Patients and Methods
Patients. This study utilized our institutional quality-of-care monitoring database, which has been described before (12,18,29). All patients had MCRPC and were managed with first-line docetaxel in various dosing regimens. The latter included the most efficacious dosing every three weeks (75 mg/m2) together with prednisolone and androgen deprivation therapy (ADT). For patients with anticipated tolerance issues, two lower-dose alternatives were available: weekly or biweekly dosing. The weekly regimen was preferred in frail patients with Eastern Cooperative Oncology Group (ECOG) PS 2, very elderly patients, or those with comorbidity-related concerns. Only patients with ECOG PS 0-2 and appropriate bone marrow function received docetaxel. The number of cycles was adjusted to tolerance, effect, and patient preference. Chemotherapy holidays were provided as needed. After docetaxel, further systemic treatment options included abiraterone acetate, enzalutamide, cabazitaxel or Ra-223. Newer targeted radioligands and PARP inhibitors were not accessible in the time period studied here (2009-2023). We used traditional staging methods, such as radionuclide bone scan, computed tomography or magnetic resonance imaging, rather than routine positron emission tomography. A total of 112 patients, all Caucasian and covered by the public Norwegian healthcare system, had received first-line docetaxel for MCRPC and were included in the study.
Methods. Data were analyzed retrospectively. BMI (kg/m2) was calculated from the chemotherapy dosing notes in the hospital’s electronic health record, which contained body weight and height before administration of the first docetaxel cycle. At the same timepoint, routine blood tests were performed. All patients had complete information available, i.e., no missing values.
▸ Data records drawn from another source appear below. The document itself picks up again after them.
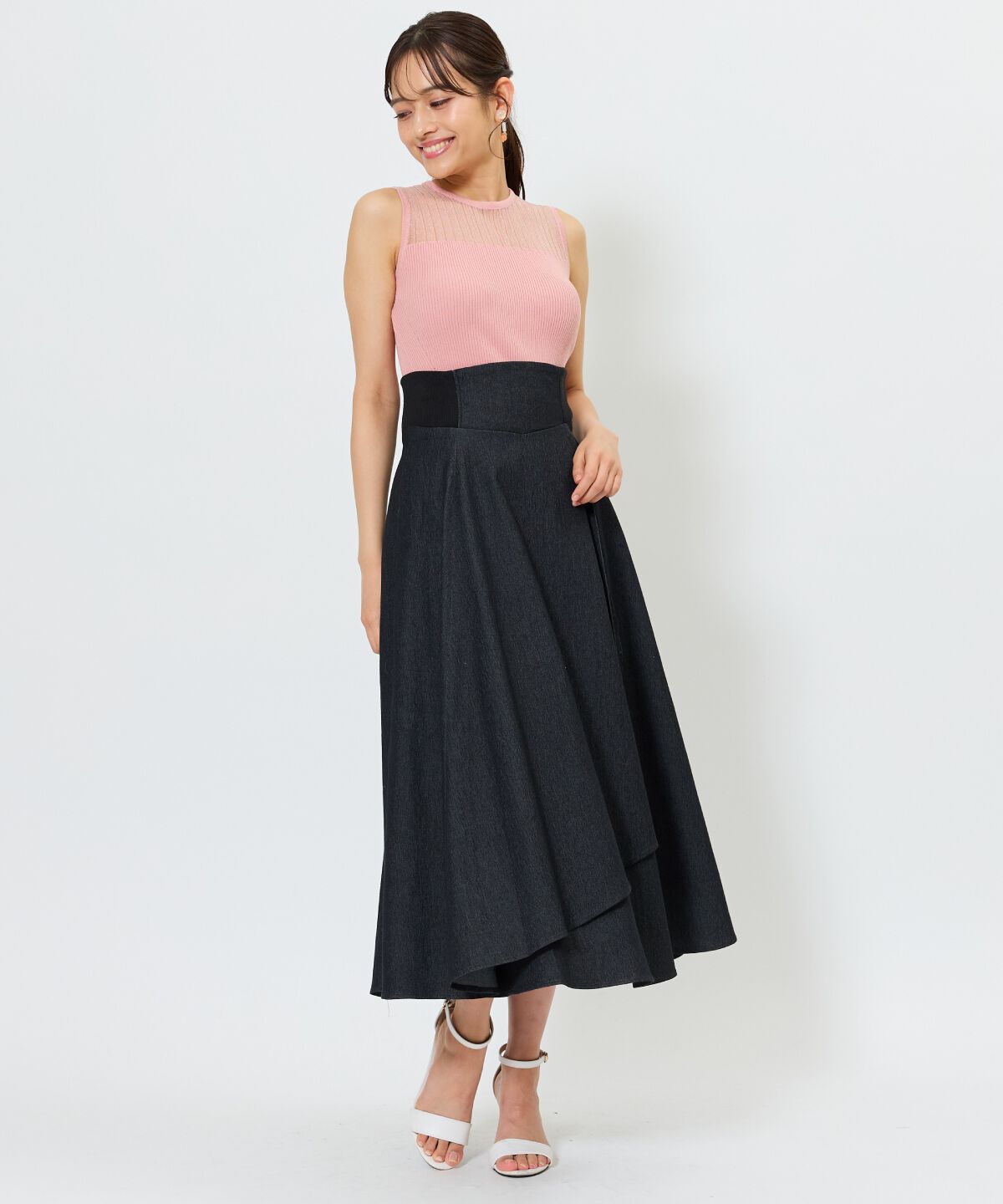 アンドクチュール「デニムライクサイドリブスカート」|フレア|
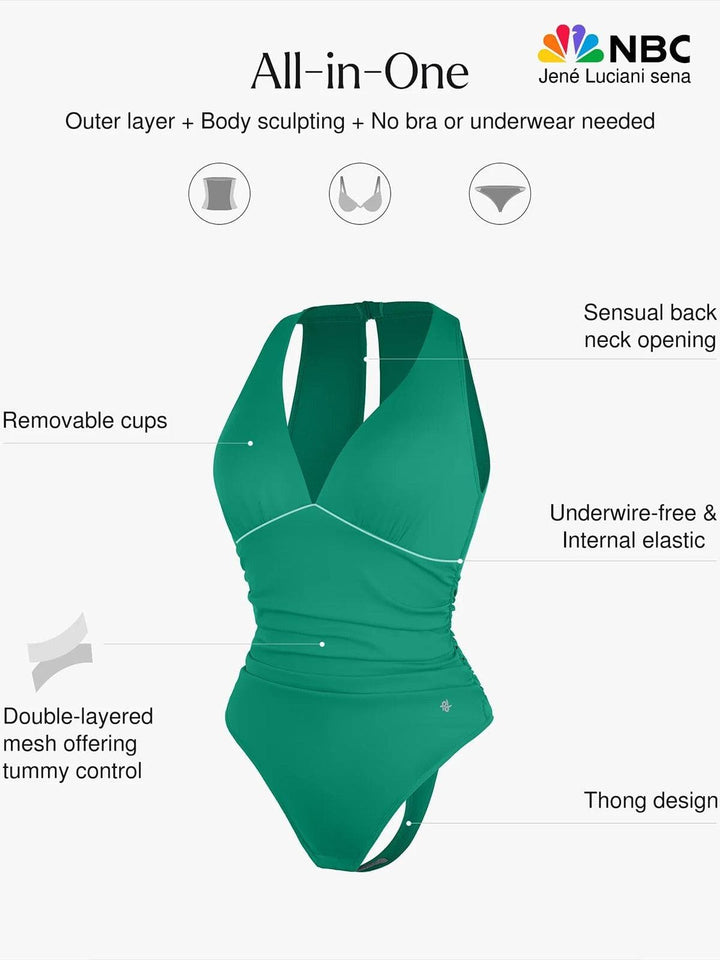 Shapewear Halter Cowl Neck Ruched Tummy Control Bodysuit - Modefluss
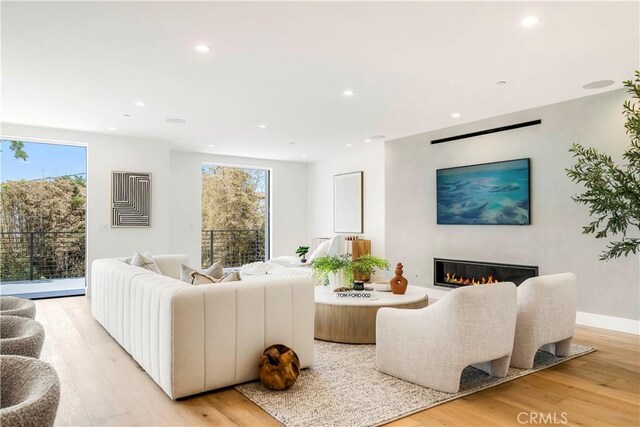 1759 Glenneyre St, Laguna Beach, CA 92651 - living area with light wood-type flooring, healthy amount of natural light, a glass covered fireplace, and recessed lighting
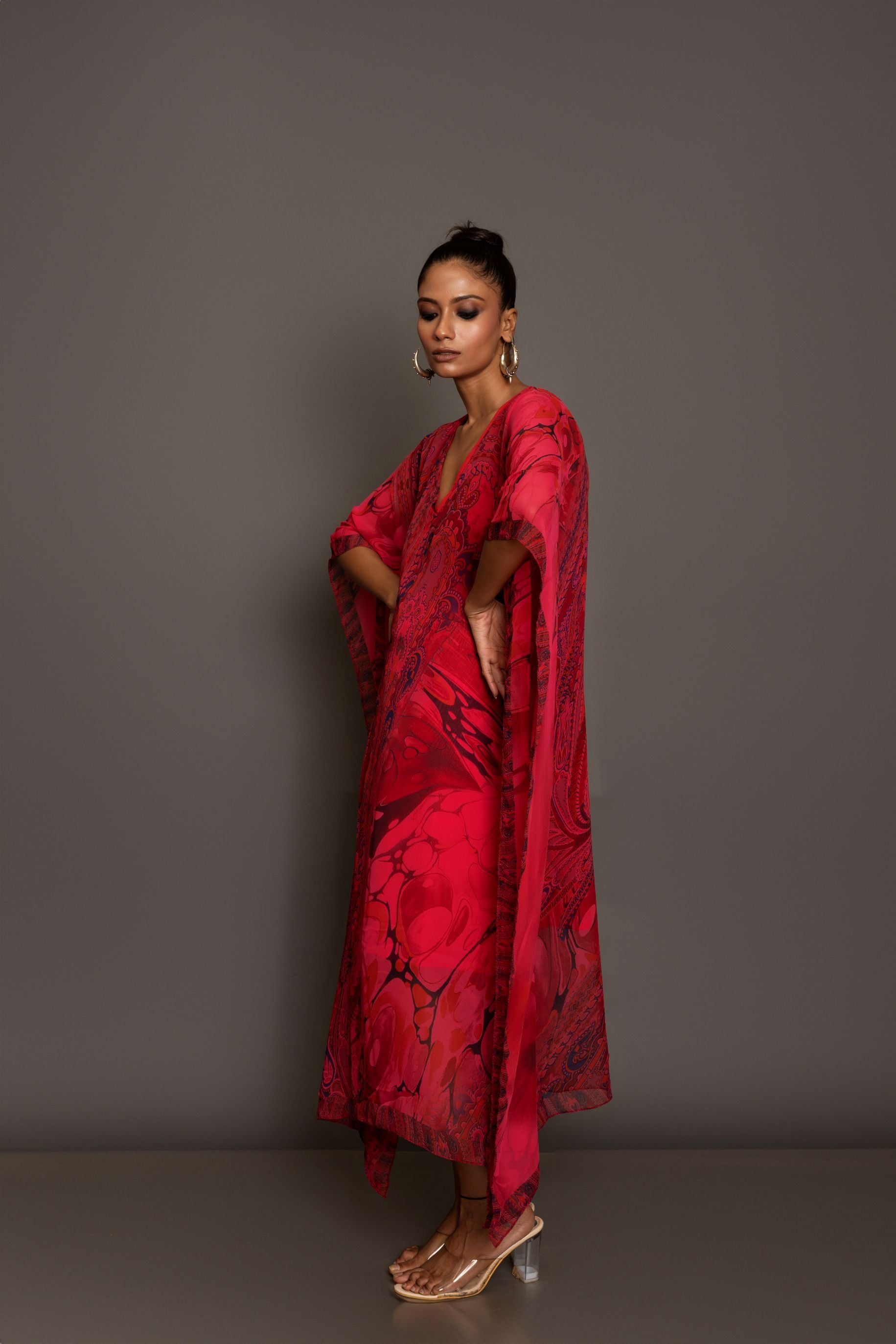 Red Printed Kaftan Dress Back

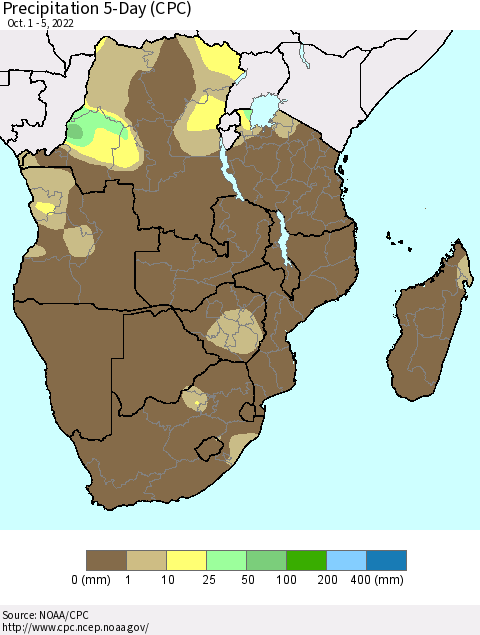 Southern Africa Precipitation 5-Day (CPC) Thematic Map For 10/1/2022 - 10/5/2022
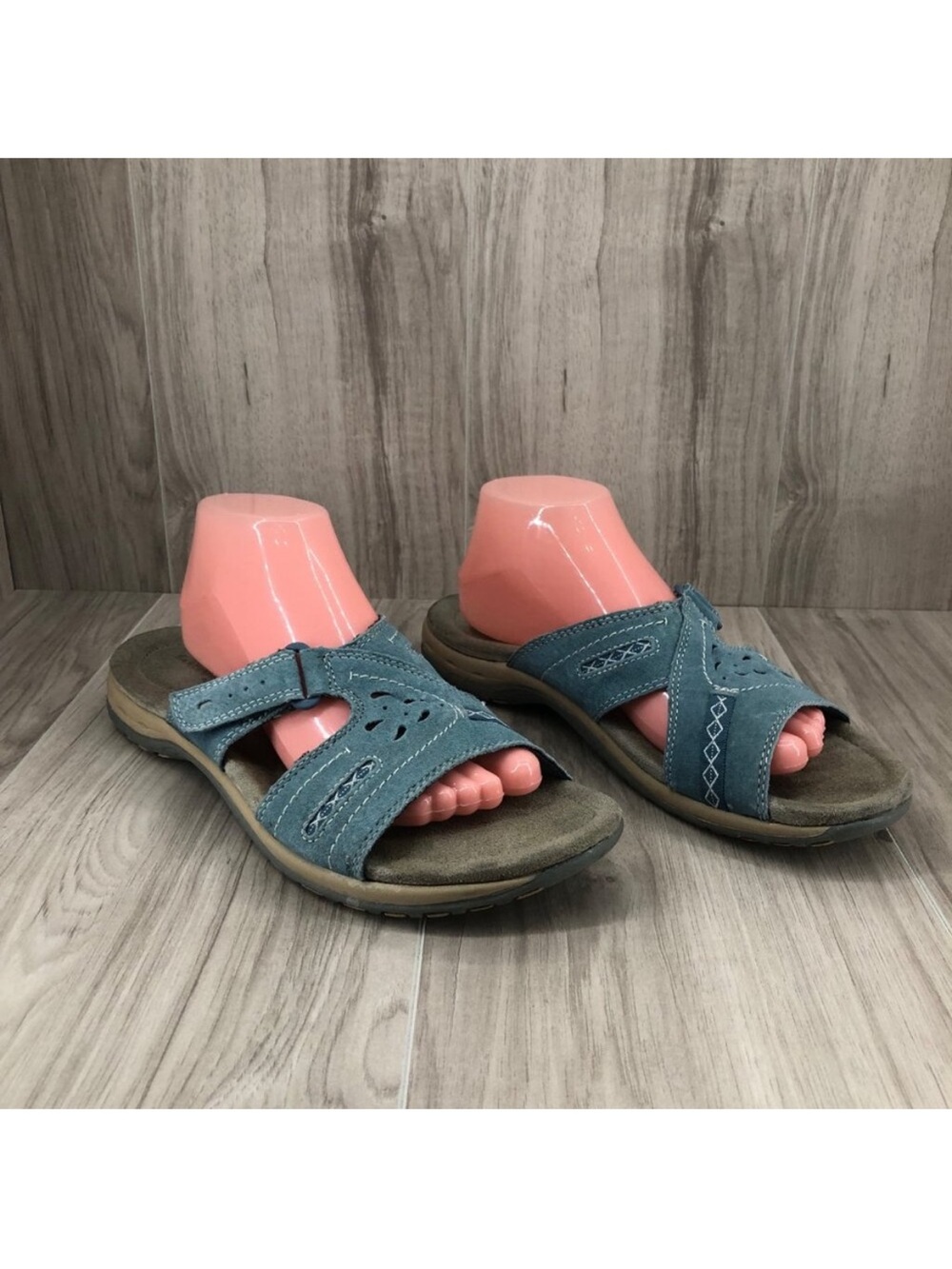 Earth Origins Sandals Womens 11M Sizzle Blue Nubuck Leather Slip On Slide Shoes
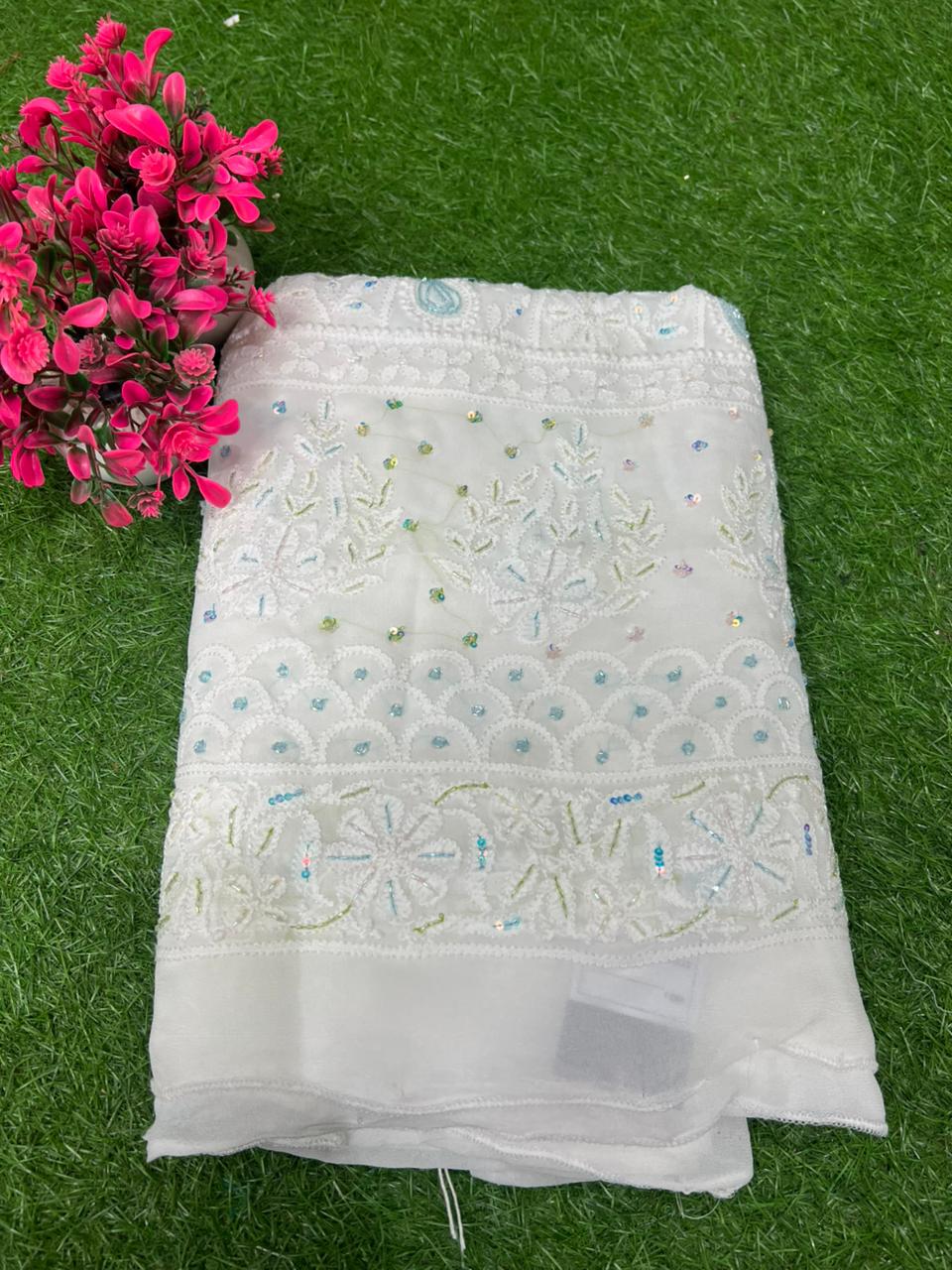 Lucknowi Chikankari Kurta with Cutdana & Sequin Hand Embroidery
Actuarial survival from the day of docetaxel initiation was calculated with the Kaplan–Meier method and compared between subgroups with the log-rank test. A single patient was alive at the time of analysis in October 2024 and censored at 25 months of follow-up. Date of death was recorded in all other patients. Associations between different variables of interest were assessed with the chi-square or Fisher’s exact probability test (two-tailed). The impact of continuous variables such as BMI and blood test results on survival was examined in univariate Cox analyses. A multivariate forward conditional Cox analysis of prognostic factors for survival was then performed. A p-value <0.05 was considered statistically significant. Statistical analyses were performed with IBM SPSS Statistics 29 (IBM Corp., Armonk, NY, USA).
Results
Baseline characteristics. The majority of patients (54%) belonged to the overweight category (BMI 25.0-29.9), followed by healthy weight (29%) and obesity (17%). The median age was 70 years and typical patients were free from serious comorbidities, had bone-only metastases, and metachronous development of metastases after an initial diagnosis of non-metastatic prostate cancer (Table I). Serum albumin below the institutional lower limit of normal was very rare (2%), while other abnormalities were common [elevated C-reactive protein (CRP), lactate dehydrogenase (LDH), and alkaline phosphatase (ALP), anemia]. The median prostate-specific antigen (PSA) level was 119 µg/l, indicating a relatively high burden of metastases.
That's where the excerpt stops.